While many Indiana fields are looking good some fields in NW Indiana are suffering from drought. It is a tale of have and have nots says David Cosgray, with DuPont Pioneer. He told HAT NW Indiana, north of SR 16, has not received the kind of rain needed to produce a good crop, “There are some areas than have not seen much rain at all. Some areas have only received 4 inches of rain since the beginning of the growing season.” He added that, with the sandy soils in these areas, the fields need ½ to an inch of rain a week and that has not been occurring. This is especially serious during the pollination period.

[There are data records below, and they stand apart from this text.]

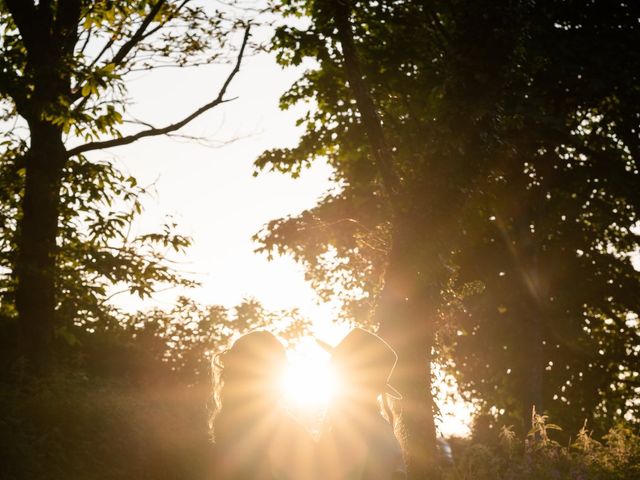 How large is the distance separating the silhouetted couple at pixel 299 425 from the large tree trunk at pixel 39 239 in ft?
29.6

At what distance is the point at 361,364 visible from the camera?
9.91ft

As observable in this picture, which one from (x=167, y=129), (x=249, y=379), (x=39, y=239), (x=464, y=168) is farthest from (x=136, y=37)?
(x=249, y=379)

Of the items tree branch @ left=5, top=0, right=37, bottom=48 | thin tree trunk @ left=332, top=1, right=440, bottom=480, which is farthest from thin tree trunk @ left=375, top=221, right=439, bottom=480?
tree branch @ left=5, top=0, right=37, bottom=48

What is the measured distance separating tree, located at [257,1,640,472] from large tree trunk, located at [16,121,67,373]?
205 inches

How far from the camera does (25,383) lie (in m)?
12.2

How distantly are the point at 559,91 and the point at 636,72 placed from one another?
9.44ft

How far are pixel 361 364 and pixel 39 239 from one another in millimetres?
9952

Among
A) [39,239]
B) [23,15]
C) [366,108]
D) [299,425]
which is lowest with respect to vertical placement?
[299,425]

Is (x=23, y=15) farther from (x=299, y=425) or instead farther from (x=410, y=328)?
(x=299, y=425)

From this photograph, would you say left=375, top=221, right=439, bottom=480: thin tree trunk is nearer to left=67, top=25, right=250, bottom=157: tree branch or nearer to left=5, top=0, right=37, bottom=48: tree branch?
left=67, top=25, right=250, bottom=157: tree branch

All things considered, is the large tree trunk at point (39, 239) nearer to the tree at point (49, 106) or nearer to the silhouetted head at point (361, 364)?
the tree at point (49, 106)

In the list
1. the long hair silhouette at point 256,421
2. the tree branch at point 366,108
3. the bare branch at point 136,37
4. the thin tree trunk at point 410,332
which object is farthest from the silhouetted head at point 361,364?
the bare branch at point 136,37

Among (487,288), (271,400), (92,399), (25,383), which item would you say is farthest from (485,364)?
(271,400)

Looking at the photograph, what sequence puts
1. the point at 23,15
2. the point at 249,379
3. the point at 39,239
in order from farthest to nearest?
the point at 23,15
the point at 39,239
the point at 249,379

But South of that line, the rains have been timely and the crops look great. “These areas have been getting ¾ to an inch of rain a week and there is plenty of nitrogen in the soil; and the good corn looks phenomenal,” said Cosgray. “Some farmers are going to have their best crop ever.”
Cosgray says, for the most part, disease issues have not been a serious problem, but with canopy closure gray leaf spot could begin to be an issue, “Especially in the areas where we have good crops, the conditions are right for gray leaf spot, so we are not out of the woods yet.”
He said the biggest problem in soybeans is some serious weed issues, like weed escapes and weed resistance, “We are going to have some ugly fields this fall.” He cautions against using strong weed control products while the plants are flowering.